Gruesos goterones me empiezan a caer y lo dejo todo, la silla en la que estoy sentado y la mesa; cojo los libros, eso sí, y mientras las gotas son ahora continuas y calan en la camisa con el frío singular de cada gota al chocar con el tejido y traspasar la fibra llegando a la piel y despertándola. Corro adentro y reparo en que el olor es ahora total, profdundo y denso: es el olor de mi jardín que recibe el aguacero creo que como yo: con agradecimiento. El calor se disuelve de tal manera que acabas por no reparar en él: es la primera tomenta de verano. Estoy frente a ella y reconozco que, como cada año, me asombra su llegasa y el portentoso efecto que provoca alrededor y en mi mismo. La excitación de verla llegar cede terreno a la relajación que su explosión provoca en mi; con cada tormenta me disuelvo y respiro, no hago otra cosa que respirar el olor a tierra mojada y a las plantas del prado, y los pinos de las laderas.

En lo alto de la montaña descargan relámpagos abriendo rotos enormes en el cielo plomizo y al poco llega hasta mi el estruendo sordo y largo del trueno; una vez tras otra. La gravilla roja que bordea el cesped se empapa y adquiere un tono brillante; la hierba reviva con el agua y las dalias y rosas aguantan el aguacero sin inmutarse. Desde detrás de los cristales, donde me he quedado en pie, con los libros en la mano, el tabaco y un vaso de zumo de naranja a medio consumir, fascinado por la tormenta, percibo el espíritu agradecido del neardenthal dentro de la cueva, o del cromagnon, que da lo mismo. Por suerte, pienso, tengo una cueva en la que refugiarme, y provisiones, y agua. ¿No demuestra esto que soy precavido? La satisfacción del antiguo homo en la edad de la piedra, del silex, ya tenía mucho de vanidad; enunciar tan solo la satisfacción de tu propia virtud ya conlleva establecer una comparación con los otros, más desgraciados seguramente, ahora dispersos bajo la lluvia, con el fuego apagado y tiritando.Creo que el ser humano no nace inocente sino pedante.

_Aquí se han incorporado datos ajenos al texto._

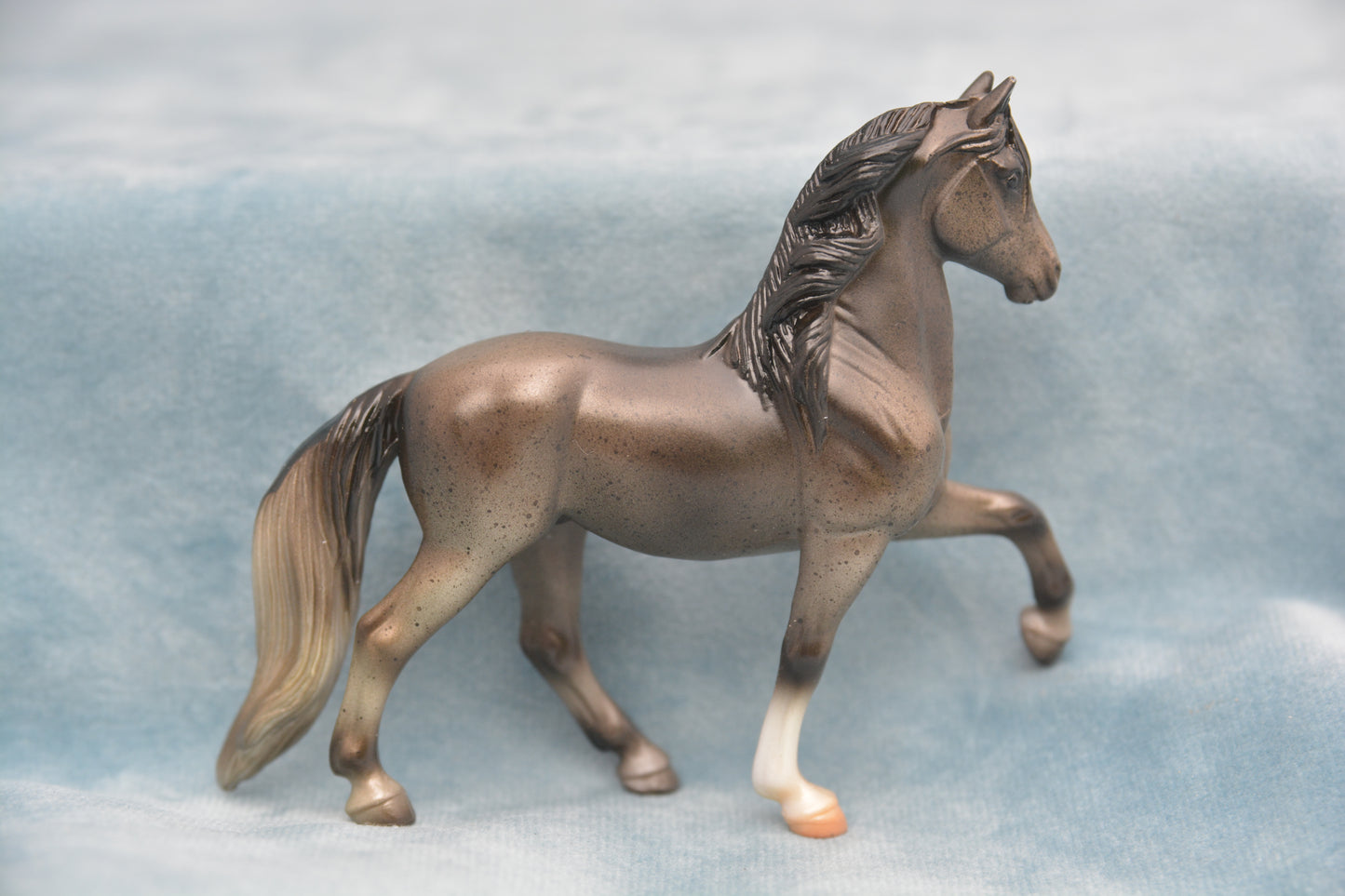 Grey Peruvian Paso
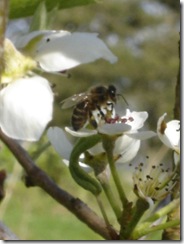 pear blossom  bees 003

Un coche grande, un monovolumen, gris metalizado, baja la calle y se detiene un momento ante la casa; veo borrosa la cabeza de quien va en el asiento de al lado del conductor inclinada, como mirando hacia las ventanas del piso alto. Luego arranca el coche de nuevo y se va calle abajo hasta que lo pierdo de vista y deja de preocuparme. Sigue callendo agua en gran cantidad; oigo la voz de Ana: cierra las ventanas de arriba, si están abiertas. No lo están, no me muevo de allí. Al final de la fachada de la casa, por el lado del este, se encuentra lo que llamo (pedantemente) el jardín inglés y a continuación el japonés. Voy allí porque quiero ver las hortensias; están alcanzando las flores el desarrollo, abriéndose y mudando el color de rosa a azul. Entre las hortensias y yo hay una magnífica relación que viene de atrás: siempre que he tenido jardín las he tenido en él y han crecido generosamente dotándolo de una hermosura plena. Cuando la flor se marchita y seca la corto, solamente a la flor; en enero redondeo la mata cuidando de no afectar demasiado el tamaño, sobre todo de las varas de flor. Me gustan altas, como las del norte, y silvestres, es decir: abundantes. Las hortensias y las dalias son flores por las que siento especial afecto y atención. En su belleza espléndida, ambas, son humildes y serenas. Las hortensias parecen pequeñas burguesas orondas y satisfechas y las dalias son señoritas pizpiretas y al cabo modosas, como manda la decencia. Las rosas, a las que reconozco una belleza especial, son por el contrario pedantes, prepotentes, y presumidas. No me gusta la presunción en las flores, excepción hecha del narciso: en estos si, es elegante, divertida y chocante. Tiene un toque cursi que se le perdona por su propia insignificancia.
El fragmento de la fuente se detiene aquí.